Na trasach San Martino załoga Kubica - Gerber walczy z dużo bardziej doświadczonymi rywalami niż przed tygodniem. Rajd zaliczany jest do Pucharu Asfaltów, który rozgrywany jest przy okazji mistrzostw Włoch. Na liście startowej znalazło się 31 samochodów, sześć spośród nich, oprócz Subaru Imprezy polskiego duetu, zaliczanych jest do klasy WRC.
Najszybszy na krótkim, niespełna dwukilometrowym prologu, był Włoch Paolo Porro (Ford Focus WRC). Kubica stracił do niego 5,4 sekundy. Piątkowe zmagania były tylko przetarciem przed prawdziwym ściganiem.
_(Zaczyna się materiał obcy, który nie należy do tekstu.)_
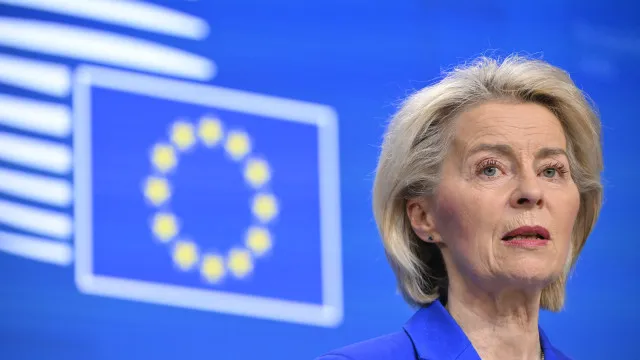 
                    Von der Leyen quer Europa independente na energia, defesa e abastecimento
                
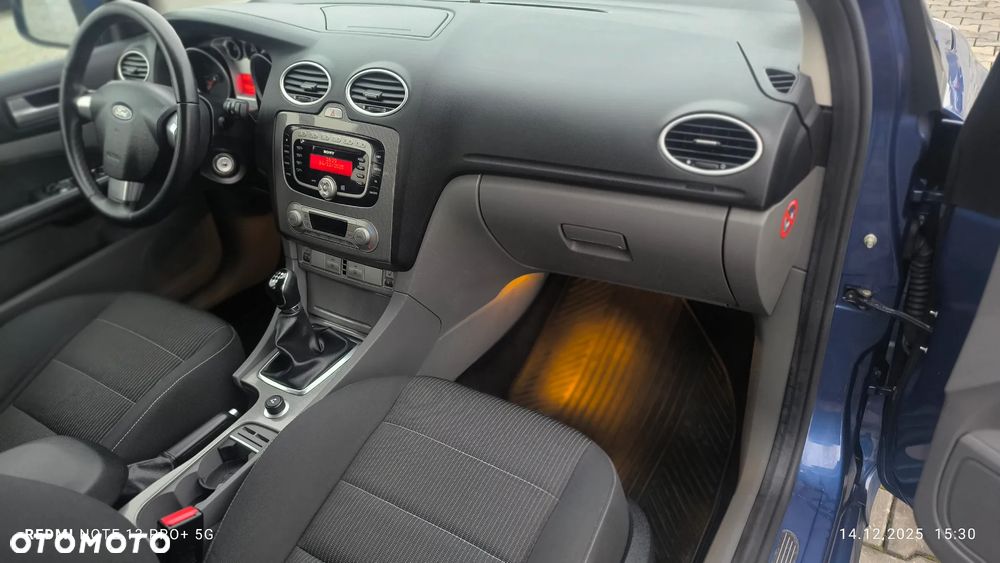 Ford Focus 1.8 Titanium - 22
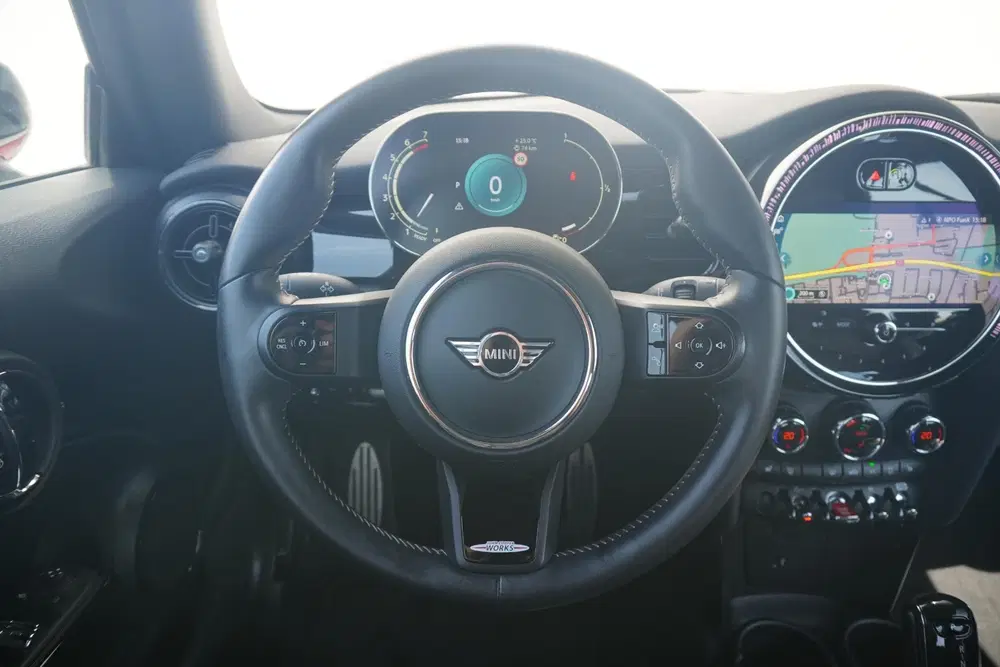 Mini Cabrio Cooper C uit 2023, foto 13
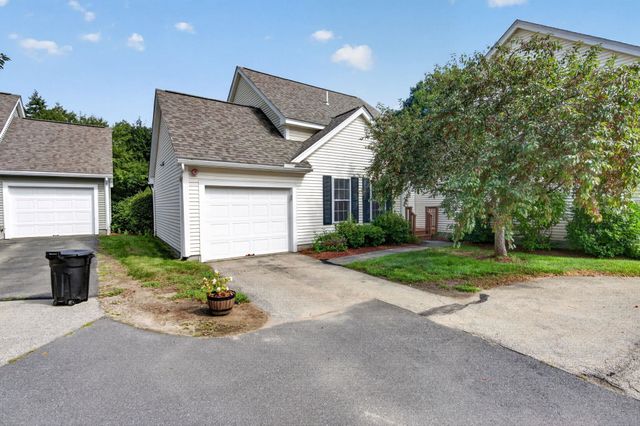 11 Echo Shore Drive, Merrimack, NH 03054
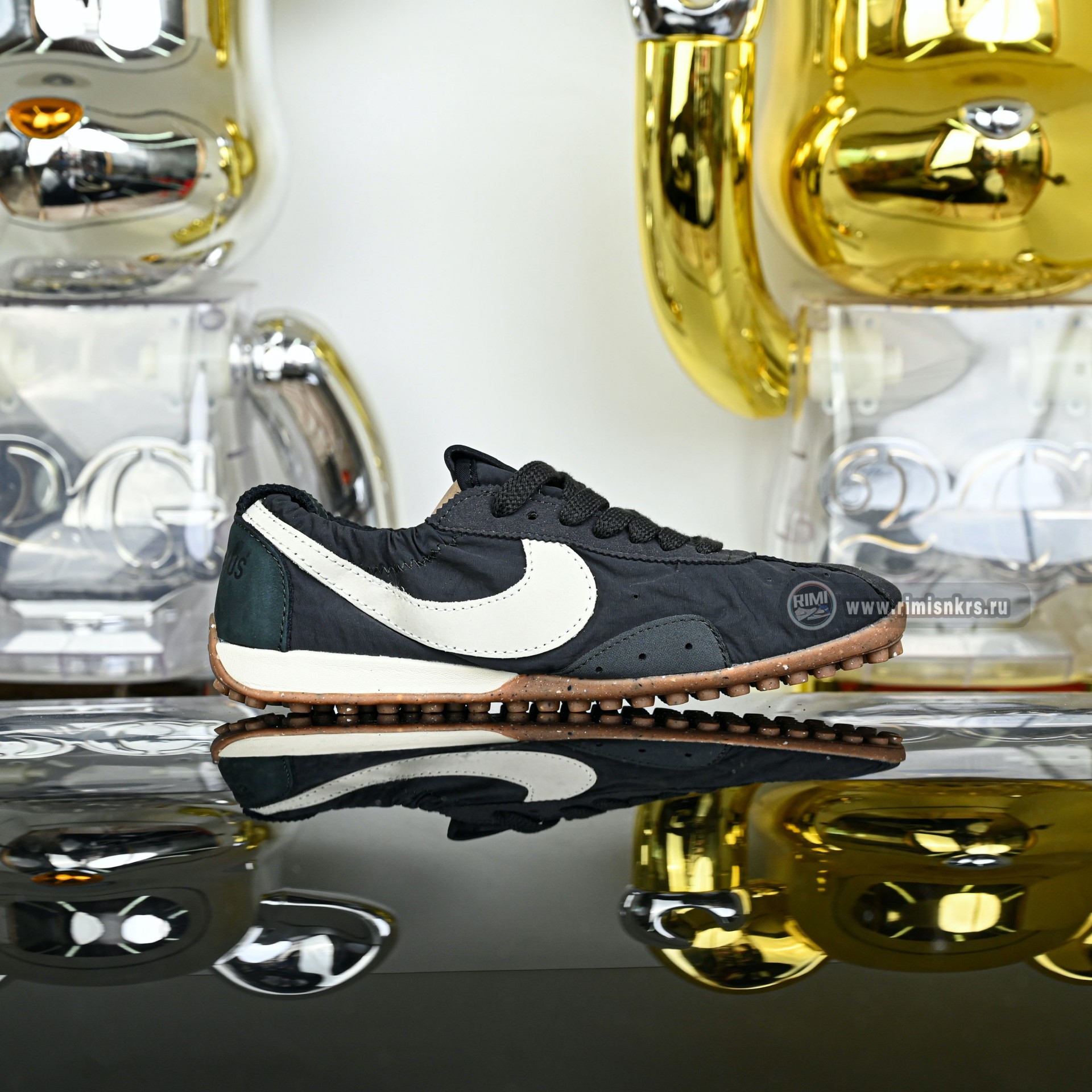Nike x Jacquemus  HV8547-001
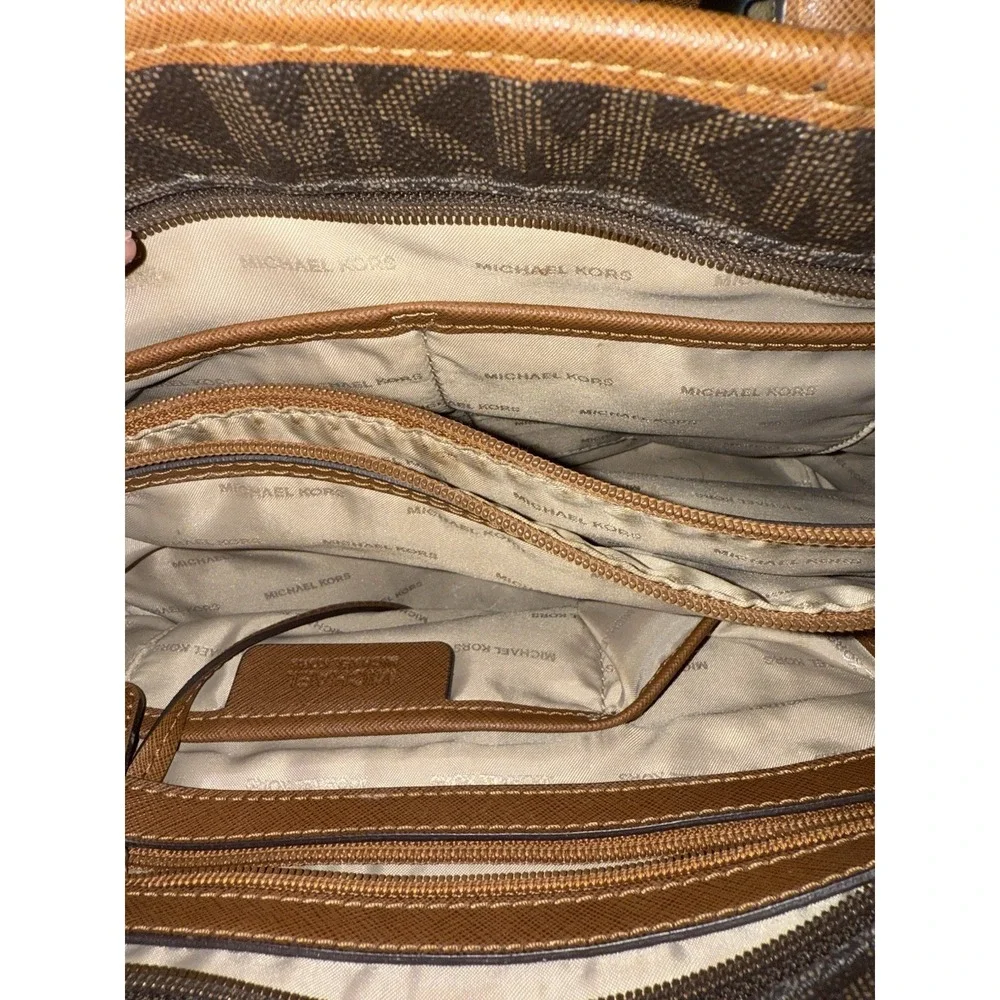 Michael Kors‎ hand bag - Picture 3 of 7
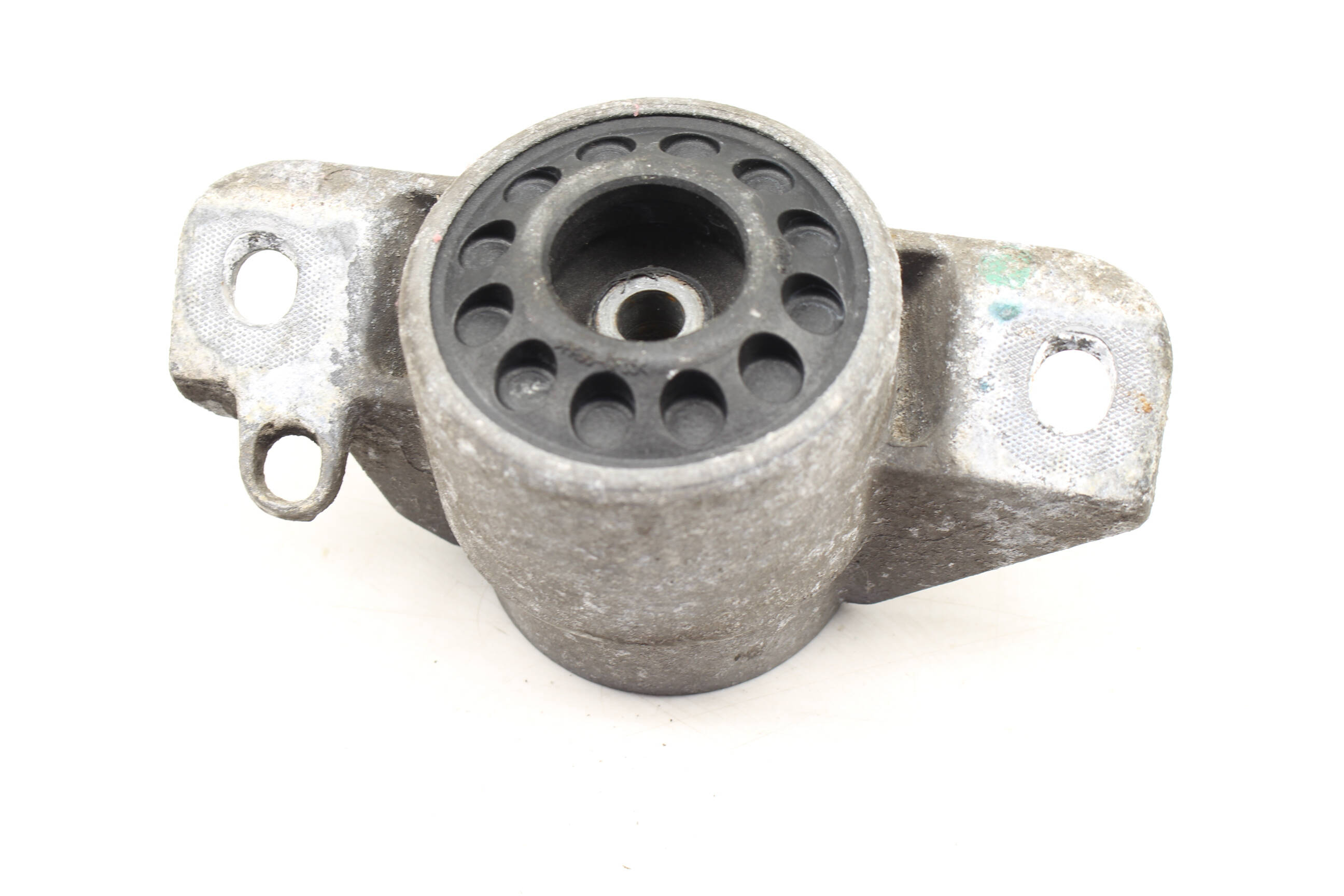 Strut&#x20;&#x2F;&#x20;Shock&#x20;Upper&#x20;Mount&#x20;8K0513353E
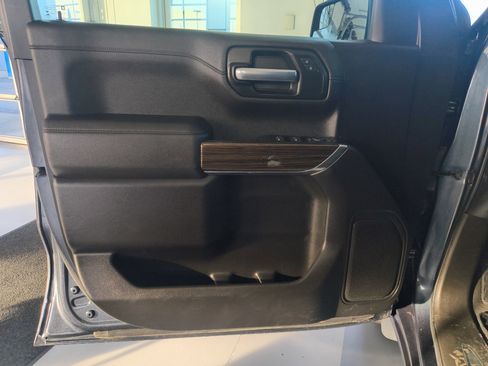 Used 2021 Chevrolet Silverado 1500 LT w/ Bed Protection Package image 19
W sobotę na kierowców czekają cztery odcinki specjalne - zawodnicy dwukrotnie przejadą oesy Manghen (15 kilometrów) i Val Malene (26 kilometrów).
Przed tygodniem Kubica wrócił do sportu, ścigając się w rajdzie Ronde Gomitolo di Lana. Był to pierwszy start polskiego kierowcy od lutego 2011 roku, kiedy uległ poważnemu wypadkowi podczas rajdu Ronde di Andora. Polak pewnie wygrał lokalne zawody w Piemoncie, uzyskując czas o prawie minutę lepszy od rywali. Startował Subaru Imprezą, a jego pilotem był Włoch Giuliano Manfredi. Podczas rajdu sportowiec powiedział, że marzył o powrocie do sportu, a starty w rajdach są obecnie dla niego częścią rehabilitacji. Przyznał też, że ciągle marzy o powrocie do Formuły 1, ale nie jest w stanie podać żadnej konkretnej daty.
W lutym 2011 roku Polak miał bardzo poważny wypadek na trasie rajdu Ronde di Andora. Sportowiec rozbił auto o metalową barierę. Jej źle przytwierdzony fragment przebił karoserię i niemal zmiażdżył dłoń i łokieć kierowcy. Polak doznał też licznych obrażeń ciała. W konsekwencji przeszedł kilkanaście operacji. Media spekulowały, czy Kubica w ogóle wróci do sportu.